Despite a close call in the Windy City, T.S. eventually does make it to D.C. and the Smithsonian's Emerald City, where he makes the most of his chance to explain his craft to the capital's finest scientific minds:
"Many people have asked me why I spend all my time drawing maps instead of playing outside with other boys my age. My father, who is a rancher from Montana, does not really understand me. I try to show him how maps can be useful in his line of work, but he doesn't listen. My mother is a scientist like you people ... . But you know what is strange? Even though she is a scientist, she still doesn't understand me. She doesn't really see the purpose of mapping all the people I meet, all the places I see, everything that I have ever witnessed or read about. But I don't want to die without having taken a crack at figuring out how the whole thing fits together."
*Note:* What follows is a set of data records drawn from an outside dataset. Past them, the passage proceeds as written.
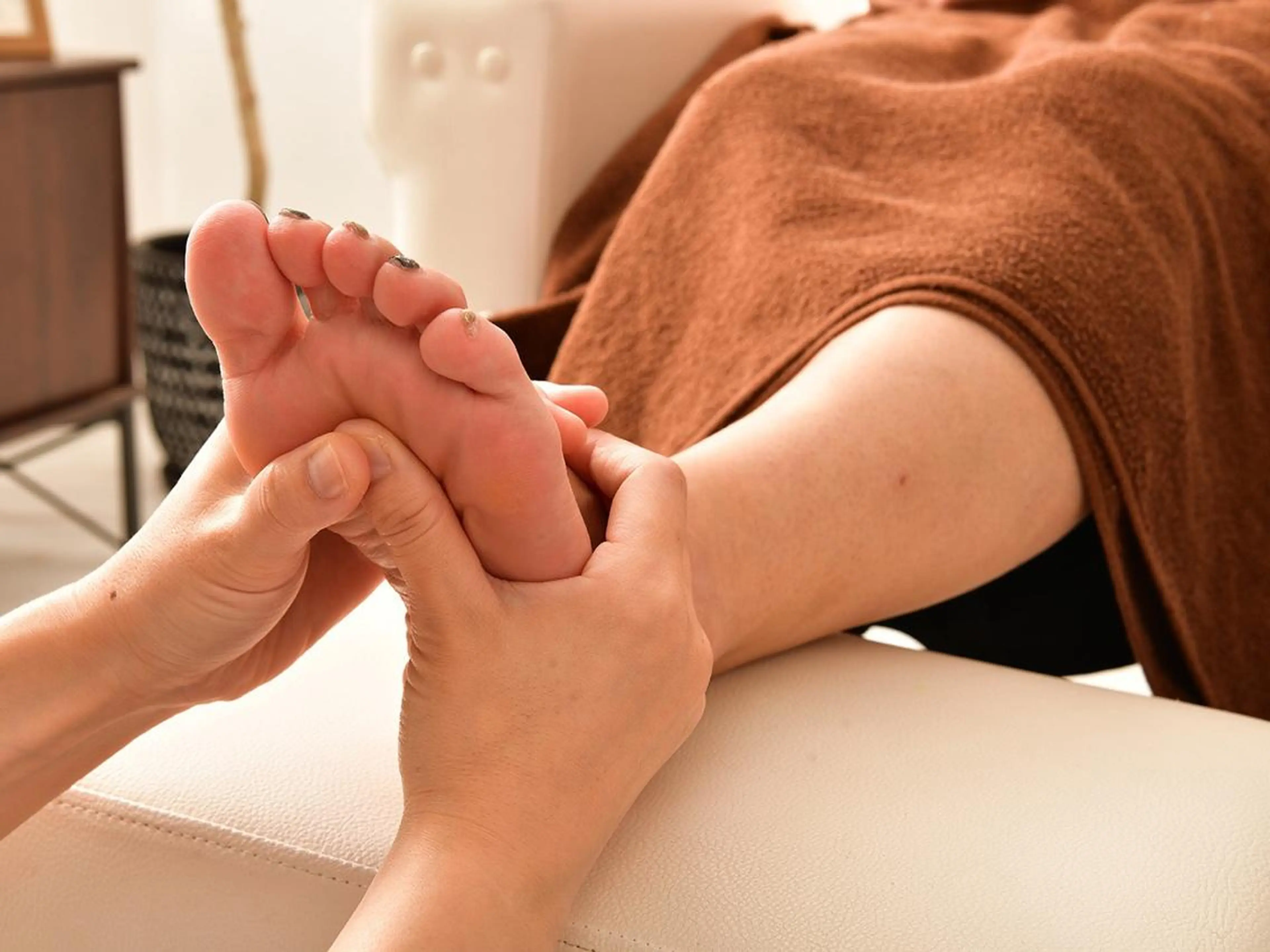 片山 しのめのエステ・リラクイメージ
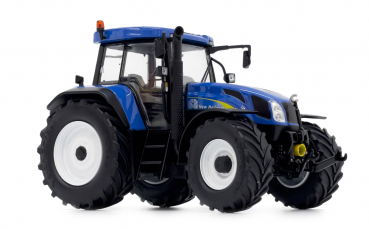 MarGe Models 2212 New Holland T7550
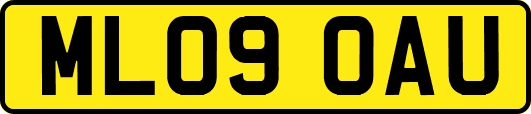 ML09OAU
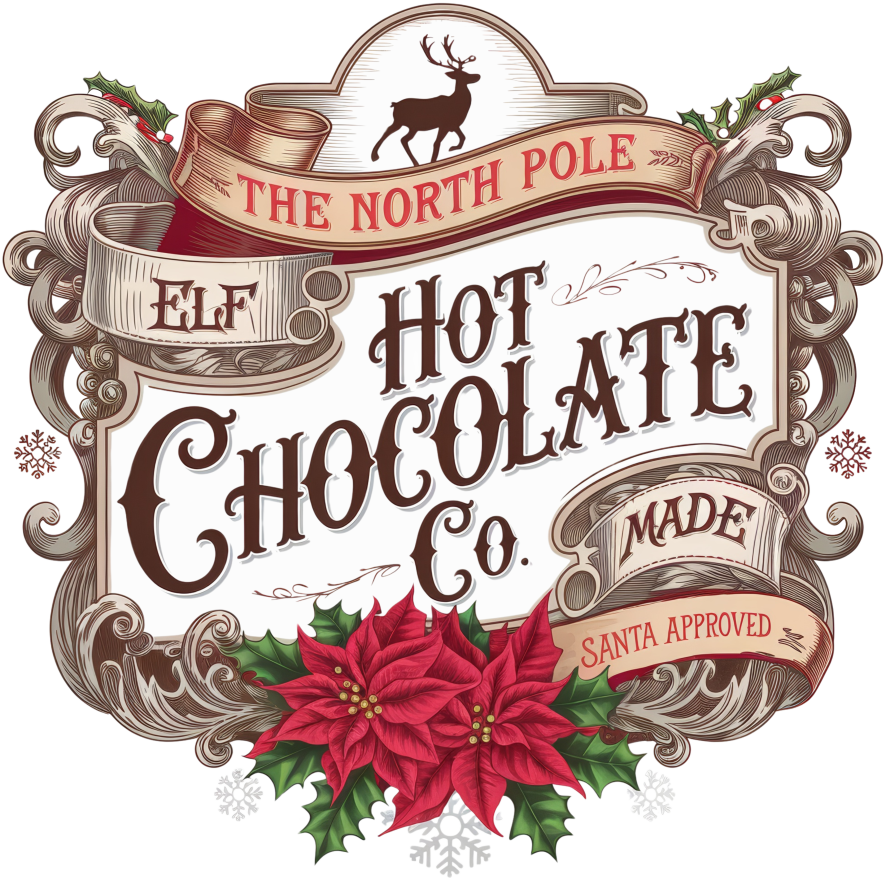 UVDTF Vintage Christmas Labels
However, he soon begins to wonder if these patrons, and even their science, are all they're cracked up to be. At one point, we see a sidebar excerpt from one of his notebooks about what marks the transition from child to adult, where he observes, "You were an adult if you: 1. Took naps for no reason. 2. Didn't get excited about Christmas. ... 9. Were suspicious of children and their motives. 10. Didn't get excited about anything." Later, his enthusiastic and heart-tugging Smithsonian speech notwithstanding, he confesses privately to his notebook that he isn't quite as firm a believer in his maps as he lets on:
"When you drew a map of something, this something then became true, at least in the world of the map. But wasn't the world of the map never the same as the world of the world? So no map-truths were ever truth-truths. I was in a dead-end profession. I think I knew I was in a dead-end profession, and the dead-endedness was what made it so attractive. In my heart of hearts, there was a certain comfort in knowing that I was doomed to failure."

For the most part, this is a (pardon the pun) novel and fascinating story, with a lot to say about family, growing up, scholarship, and loneliness. Without giving too much away, I do take issue with some of the goings-on in the Washington, D.C. segment of the book; there's a whole subplot that turns up here that frankly, just seemed tacked-on and silly ... a disappointing wrinkle in an otherwise-exceptional story. This hardly spoils the effect, though; this is a gorgeous book.